The Congress has now been taught a lesson which, one hopes, it will never forget. The United Kingdom has shown greater maturity by sending its High Commissioner to call on Modi in recent times, to make amends. It is time for the United States to be equally apologetic, if, that is, it has any decency left. There is now a good deal of talk on what Modi’s remarkable victory means in terms of the forthcoming general elections, hardly 14 months away. In other words, can Gujarat be replicated?
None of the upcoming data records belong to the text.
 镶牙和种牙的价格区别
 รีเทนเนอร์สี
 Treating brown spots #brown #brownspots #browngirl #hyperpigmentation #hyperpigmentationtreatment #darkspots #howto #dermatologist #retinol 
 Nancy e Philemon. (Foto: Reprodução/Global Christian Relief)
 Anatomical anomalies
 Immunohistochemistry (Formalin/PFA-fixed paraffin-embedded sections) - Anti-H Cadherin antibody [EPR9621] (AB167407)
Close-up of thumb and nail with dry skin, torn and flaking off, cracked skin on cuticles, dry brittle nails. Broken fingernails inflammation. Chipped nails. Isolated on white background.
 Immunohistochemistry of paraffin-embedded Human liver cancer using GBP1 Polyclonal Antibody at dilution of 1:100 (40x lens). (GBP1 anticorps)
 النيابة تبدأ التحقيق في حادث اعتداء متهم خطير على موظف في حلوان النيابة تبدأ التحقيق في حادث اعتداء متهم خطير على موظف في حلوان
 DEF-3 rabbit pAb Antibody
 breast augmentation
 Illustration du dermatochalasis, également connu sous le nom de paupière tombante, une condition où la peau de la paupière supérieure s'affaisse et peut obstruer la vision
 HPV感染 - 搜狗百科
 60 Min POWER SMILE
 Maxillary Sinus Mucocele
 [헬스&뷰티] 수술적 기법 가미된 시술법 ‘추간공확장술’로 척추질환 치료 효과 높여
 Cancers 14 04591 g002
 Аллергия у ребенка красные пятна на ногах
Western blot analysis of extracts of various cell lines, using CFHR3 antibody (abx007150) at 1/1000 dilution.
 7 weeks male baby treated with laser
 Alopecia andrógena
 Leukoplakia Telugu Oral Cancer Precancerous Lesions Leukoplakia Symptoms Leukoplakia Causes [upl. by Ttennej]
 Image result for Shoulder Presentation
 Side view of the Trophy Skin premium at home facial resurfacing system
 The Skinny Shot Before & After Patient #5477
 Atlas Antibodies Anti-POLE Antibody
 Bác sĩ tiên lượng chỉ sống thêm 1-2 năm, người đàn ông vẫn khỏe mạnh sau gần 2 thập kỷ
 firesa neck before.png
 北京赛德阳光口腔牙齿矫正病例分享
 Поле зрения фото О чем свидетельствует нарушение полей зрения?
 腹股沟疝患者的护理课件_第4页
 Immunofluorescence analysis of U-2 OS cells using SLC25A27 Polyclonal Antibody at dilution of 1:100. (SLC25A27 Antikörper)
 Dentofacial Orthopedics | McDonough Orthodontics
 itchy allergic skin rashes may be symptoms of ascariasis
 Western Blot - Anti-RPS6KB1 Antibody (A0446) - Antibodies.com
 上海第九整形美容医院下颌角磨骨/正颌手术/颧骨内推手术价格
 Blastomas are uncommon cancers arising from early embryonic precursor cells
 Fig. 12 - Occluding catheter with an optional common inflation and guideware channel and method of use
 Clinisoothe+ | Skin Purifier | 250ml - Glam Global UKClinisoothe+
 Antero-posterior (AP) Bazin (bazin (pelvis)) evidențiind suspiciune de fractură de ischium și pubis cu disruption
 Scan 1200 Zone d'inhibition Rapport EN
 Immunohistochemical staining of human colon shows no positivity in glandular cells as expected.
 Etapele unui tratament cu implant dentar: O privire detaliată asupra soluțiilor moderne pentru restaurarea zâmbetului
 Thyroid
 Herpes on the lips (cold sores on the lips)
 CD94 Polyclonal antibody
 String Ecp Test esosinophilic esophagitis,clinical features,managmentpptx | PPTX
But then, why did the BJP do so miserably in Himachal Pradesh? Was it because of plain incumbency? One answer – and that is provided by BJP leaders themselves – has been the dissidence within the party that caused the humiliating defeat. In the coming months will this be repeated in Karnataka, following BS Yediyurappa’s traitorous revolt? It is too early to predict. After all, in Gujarat, Keshubhai Patel did very little damage despite being propped up by the Congress. It might have led the BJP to lose a couple of seats, but that was bearable. However, naming Modi as a putative Prime Ministerial candidate should a BJP coalition like the NDA gain a workable majority in the general elections is asking for trouble. A wise BJP will keep its options open which exactly what it is now doing. Modi maybe popular in Gujarat – and there is every reason for him to be – but that popularity still remains to be tested beyond the State’s boundaries. And there are too many politicians who want to be Prime Ministers. If Deve Gowda can become one, why shouldn’t Nitish Kumar or, for that matter, a Mulayam Singh Yadav? Never mind if they can’t distinguish between a spoken word in Telugu and another in Kannada, never mind, if they have never heard of a Madhwacharya or a Ramanuja or what Kaladi is famous for. But they all want to be Prime Ministers.
However, the presumption is that the UPA-2 will not give in but will stay its course till March 2014, unless, of course, the public in its anger demands that it be thrown out. But time is running out fast. If the BJP wants to put up a good fight it must see that its own house is put in order. The BJP has a lot of introspection to do. To blurt out the truth, Modi has now no equal to him. He has shown in many ways that as an administrator, a visionary, a diplomat and a populist, he has no equals, not just within the BJP but among all parties, including the Congress. He is the aam aadmi’s ideal, being an aam aadmi himself, coming from a poor family. Consider some of his achievements: He has risen on his own, unlike Rahul Baba; in addition to being the peoples’ choice in three consecutive elections, who, in the entire country can beat him in his qualifications as an administrator? He has travelled widely, and has met international leaders whether in China, Japan or elsewhere on his own terms. He has shown that he is a man of determination, able to stand by his convictions. He has the humility to say that it was the party that won in Gujarat and not he, when everyone knows that most of the credit for winning the elections should go to him. What, in effect Modi has uncompromisingly shown is that he is a fighter through and through, one of a kind that the country badly need today.
Like America’s Franklin Delano Roosevelt in the thirties, Britain’s Winston Spencer Churchill in the forties and France’s Charles de Gaulle in the fifties, Modi is just the man of the hour that India badly wants now to put it firmly on the map of resurgent nations of the world. For the Congress to name a novice as its candidate for Prime Ministership is to insult 1.2 billion people that is not only not permissible but should be determinedly fought. India is not the one to be spat upon by dynastic rule and its ever growing sycophants.